◆ Problem details: Each line of the data below that includes the string "also" must be copied.

◆ Stored data:
┄┄┄┄┄┄┄┄┄┄

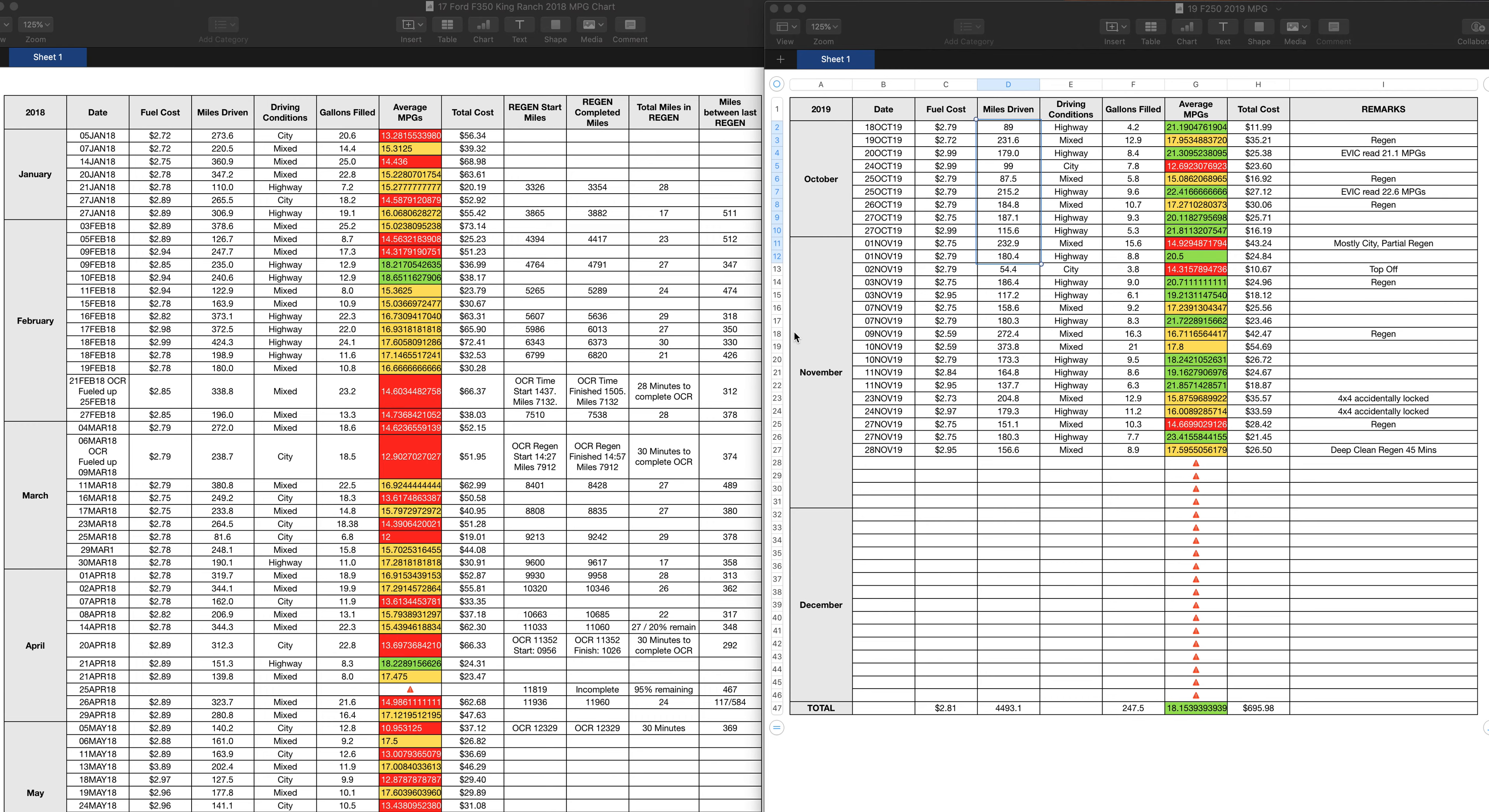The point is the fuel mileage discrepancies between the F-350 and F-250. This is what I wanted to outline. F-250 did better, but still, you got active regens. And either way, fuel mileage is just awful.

┄┄┄┄┄┄┄┄┄┄

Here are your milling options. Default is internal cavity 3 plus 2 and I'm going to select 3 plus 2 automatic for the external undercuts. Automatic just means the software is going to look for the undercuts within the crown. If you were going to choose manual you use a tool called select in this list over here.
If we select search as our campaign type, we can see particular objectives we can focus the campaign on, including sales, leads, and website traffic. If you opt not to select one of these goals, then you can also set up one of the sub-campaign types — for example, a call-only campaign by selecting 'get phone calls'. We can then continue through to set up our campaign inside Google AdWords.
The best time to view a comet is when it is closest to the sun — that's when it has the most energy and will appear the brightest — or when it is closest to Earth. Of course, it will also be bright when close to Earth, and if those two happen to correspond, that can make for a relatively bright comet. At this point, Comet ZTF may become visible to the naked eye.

┄┄┄┄┄┄┄┄┄┄

◆ Exercise answer:
If we select search as our campaign type, we can see particular objectives we can focus the campaign on, including sales, leads, and website traffic. If you opt not to select one of these goals, then you can also set up one of the sub-campaign types — for example, a call-only campaign by selecting 'get phone calls'. We can then continue through to set up our campaign inside Google AdWords.
The best time to view a comet is when it is closest to the sun — that's when it has the most energy and will appear the brightest — or when it is closest to Earth. Of course, it will also be bright when close to Earth, and if those two happen to correspond, that can make for a relatively bright comet. At this point, Comet ZTF may become visible to the naked eye.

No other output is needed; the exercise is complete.